From a practical consideration, the manufacturers of the foam cutters should have a warning attached to the cutter if the foam fumes are hazardous. But they do not know which foam you will be cutting -- so they really do not really know if the fumes will be hazardous. Therefore, they may not be legally required to put a label on the foam cutter -- just as the manufacturers of paint brushes do not have to put warning labels on their brushes.

So, in the absence of better information, we have a gray area where each person has to make a decision for themselves. When in doubt about something, gunrunnerjohn's advice is best -- don't inhale lots of anything that has an odor to it -- but a little exposure probably won't hurt most people.

(2) The second level of concern is that even if the fumes are not hazardous, there will always be some individuals who react to the fumes. Those individuals (like timlange3) will discover this themselves and take appropriate precautions to minimize their exposure. Others will have no problem. I once met a woman on a plane who was allergic to perfume. Someone on the plane had perfume on and she spent the entire flight sneezing, coughing and gaging like she was very ill. As soon as we deboarded her problems went away.


----------



## trains galore (Jul 22, 2013)

Probably ok, just don't breath in the fumes and don't be in there for hours as it might give you a head ache. Open the windows if you can


----------



## The New Guy (Mar 11, 2012)

treky said:


> when using one of those electric foam cutters like the one made by Woodland Scenics; do you need ventilation?


I find I need ventilation regardless of the activity. I turn blue and pass out without it.


----------



## wingnut163 (Jan 3, 2013)

wvgca said:


> if you mean a hot wire cutter, there is a faint smell of melted plastic, depending on which foam you use and how hot the wire gets ..i found the blue and green color foam had virtually no odor, and i ran my wire quite hot, in the dark it was a visible dull red, i made a small table cutter with adjustable heat ... i think it depends more on whether or not you find the odor objectionable??

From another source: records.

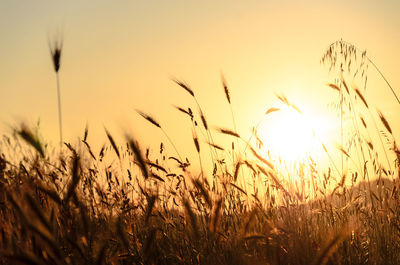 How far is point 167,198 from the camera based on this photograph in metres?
3.29

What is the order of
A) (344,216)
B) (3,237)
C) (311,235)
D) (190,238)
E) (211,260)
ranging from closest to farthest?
(3,237) → (211,260) → (190,238) → (311,235) → (344,216)

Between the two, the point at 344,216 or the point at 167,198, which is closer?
the point at 344,216

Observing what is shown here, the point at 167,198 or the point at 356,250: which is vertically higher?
the point at 167,198

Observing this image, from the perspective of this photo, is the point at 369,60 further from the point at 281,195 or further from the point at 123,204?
the point at 123,204

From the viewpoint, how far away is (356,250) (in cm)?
237

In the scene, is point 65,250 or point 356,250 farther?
point 356,250

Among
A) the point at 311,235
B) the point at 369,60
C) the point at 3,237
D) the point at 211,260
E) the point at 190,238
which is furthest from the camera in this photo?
the point at 369,60

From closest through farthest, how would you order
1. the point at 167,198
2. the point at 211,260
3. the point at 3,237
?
the point at 3,237
the point at 211,260
the point at 167,198

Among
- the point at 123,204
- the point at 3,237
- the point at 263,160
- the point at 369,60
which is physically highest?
the point at 369,60

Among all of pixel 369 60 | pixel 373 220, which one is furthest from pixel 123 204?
pixel 369 60

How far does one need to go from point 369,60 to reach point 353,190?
47.6 inches

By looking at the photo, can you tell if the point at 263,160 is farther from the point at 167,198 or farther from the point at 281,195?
the point at 167,198

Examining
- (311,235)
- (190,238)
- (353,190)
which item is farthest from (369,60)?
→ (190,238)

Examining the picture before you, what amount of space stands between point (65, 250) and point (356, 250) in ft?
5.01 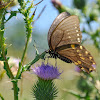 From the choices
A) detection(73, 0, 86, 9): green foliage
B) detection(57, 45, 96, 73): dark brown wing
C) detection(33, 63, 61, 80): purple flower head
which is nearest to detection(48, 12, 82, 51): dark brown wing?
detection(57, 45, 96, 73): dark brown wing

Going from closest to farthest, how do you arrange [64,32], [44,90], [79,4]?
[44,90] < [64,32] < [79,4]

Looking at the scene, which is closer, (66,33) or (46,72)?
(46,72)

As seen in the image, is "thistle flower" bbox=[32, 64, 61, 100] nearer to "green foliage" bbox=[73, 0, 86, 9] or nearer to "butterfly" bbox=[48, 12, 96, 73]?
"butterfly" bbox=[48, 12, 96, 73]

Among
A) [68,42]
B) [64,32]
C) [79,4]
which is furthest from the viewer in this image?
[79,4]

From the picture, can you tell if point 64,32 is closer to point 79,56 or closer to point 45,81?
point 79,56

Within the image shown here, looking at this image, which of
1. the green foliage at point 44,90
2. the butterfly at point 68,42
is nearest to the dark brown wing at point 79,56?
the butterfly at point 68,42

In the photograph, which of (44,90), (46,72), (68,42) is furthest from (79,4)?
(44,90)

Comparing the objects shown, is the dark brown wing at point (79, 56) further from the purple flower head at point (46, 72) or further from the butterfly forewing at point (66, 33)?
the purple flower head at point (46, 72)

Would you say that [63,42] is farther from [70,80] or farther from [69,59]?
[70,80]

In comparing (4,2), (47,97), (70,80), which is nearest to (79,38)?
(47,97)
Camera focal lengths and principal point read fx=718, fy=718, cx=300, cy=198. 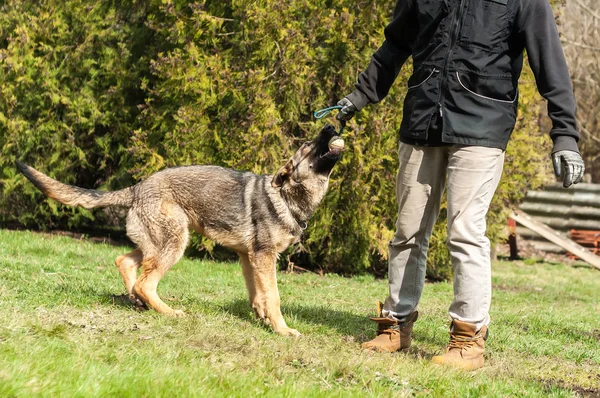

would like to get a list/scamict (spelling) on how to build one.

skip


----------



## dannyrandomstate (Jan 1, 2012)

I would crack a window or door to let fresh air in and yucky air out. Play it safe, ya know.


----------



## rzw0wr (Aug 28, 2013)

Skip,
A how to build one site.

Looks fairly simple.

http://ar15armory.com/forums/topic/76975-rifle-case-foam-cutting-how-to-instructions/


----------



## wvgca (Jan 21, 2013)

would like to get a list/scamict (spelling) on how to build one.

skip


I didn't make a schematic, basically just a 12v transformer, around 2 amp, driven by a light dimmer...I can upload a photo or two if that will help??


----------



## Patrick1544 (Apr 27, 2013)

timlange3 said:


> Cutting through 2" blue foam with a hot wire cutter I got a bit of a buzz.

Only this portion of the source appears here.